In essence, audio level meters are visual indicators used to assess the amplitude of a signal, and to align signals passing between equipment. They provide information for an audio technician, but the exact nature of that information has never been completely agreed upon.
HIGH VOLUME DISTRIBUTION
Prior to 1920, audio level control was no more sophisticated than turning up the volume until you heard distortion, then backing it off a bit. This worked as long as the ins and outs weren’t too complicated; a single source into one amplifier.
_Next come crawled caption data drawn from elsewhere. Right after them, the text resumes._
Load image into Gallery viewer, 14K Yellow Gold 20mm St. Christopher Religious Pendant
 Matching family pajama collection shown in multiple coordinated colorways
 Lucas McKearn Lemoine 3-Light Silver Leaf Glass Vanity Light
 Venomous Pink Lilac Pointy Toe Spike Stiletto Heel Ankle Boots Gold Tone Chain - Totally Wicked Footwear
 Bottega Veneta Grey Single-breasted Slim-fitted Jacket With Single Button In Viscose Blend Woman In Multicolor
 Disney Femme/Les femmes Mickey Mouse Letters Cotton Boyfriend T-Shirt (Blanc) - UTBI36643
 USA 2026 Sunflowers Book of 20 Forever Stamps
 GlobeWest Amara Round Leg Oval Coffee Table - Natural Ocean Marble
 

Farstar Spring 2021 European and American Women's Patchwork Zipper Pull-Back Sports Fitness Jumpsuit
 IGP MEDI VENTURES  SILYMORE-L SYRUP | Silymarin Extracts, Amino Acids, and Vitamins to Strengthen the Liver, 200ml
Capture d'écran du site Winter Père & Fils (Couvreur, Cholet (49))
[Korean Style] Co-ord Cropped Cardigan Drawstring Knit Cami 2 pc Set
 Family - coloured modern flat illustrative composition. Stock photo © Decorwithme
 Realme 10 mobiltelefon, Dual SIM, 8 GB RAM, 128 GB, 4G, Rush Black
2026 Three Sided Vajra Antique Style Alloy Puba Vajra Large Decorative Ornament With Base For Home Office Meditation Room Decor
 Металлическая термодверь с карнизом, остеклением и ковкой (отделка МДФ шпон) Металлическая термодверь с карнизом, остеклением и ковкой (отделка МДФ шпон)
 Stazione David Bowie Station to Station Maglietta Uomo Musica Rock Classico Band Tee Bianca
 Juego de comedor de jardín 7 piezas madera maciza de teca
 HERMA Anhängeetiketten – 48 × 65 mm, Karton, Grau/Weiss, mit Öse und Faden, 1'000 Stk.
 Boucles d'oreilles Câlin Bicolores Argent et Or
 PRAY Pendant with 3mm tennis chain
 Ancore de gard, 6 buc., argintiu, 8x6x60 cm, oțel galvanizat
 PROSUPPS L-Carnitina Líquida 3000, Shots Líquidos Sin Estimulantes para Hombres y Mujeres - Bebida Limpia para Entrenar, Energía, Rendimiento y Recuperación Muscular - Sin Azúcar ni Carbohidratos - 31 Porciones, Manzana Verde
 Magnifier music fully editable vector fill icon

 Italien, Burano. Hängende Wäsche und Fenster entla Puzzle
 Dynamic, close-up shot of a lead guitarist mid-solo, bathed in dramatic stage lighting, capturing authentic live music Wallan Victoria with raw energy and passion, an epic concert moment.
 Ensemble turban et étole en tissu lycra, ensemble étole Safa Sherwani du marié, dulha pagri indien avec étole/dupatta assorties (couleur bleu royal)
On Armistice Day in 1921, a ceremony for the burial of the Unknown Soldier in Arlington Virginia was heard simultaneously on public address systems at Arlington, New York, and San Francisco, with high-bandwidth (16Hz~5kHz) telephone lines used as the distribution medium. Since too much level might cause overloading of the phone network amplifiers or ‘repeaters’, and the technician at Arlington couldn’t hear the P.A. in the other cities, the designers concluded that a separate means of input monitoring was required. Their solution was to create a device called a ‘Volume Indicator’, which consisted of a valve diode working into a DC milliamp meter. The amplification of the valve was adjustable so users could calibrate the needle’s deflection. Thereafter, an operator could keep tabs on audio levels without having to hear the result.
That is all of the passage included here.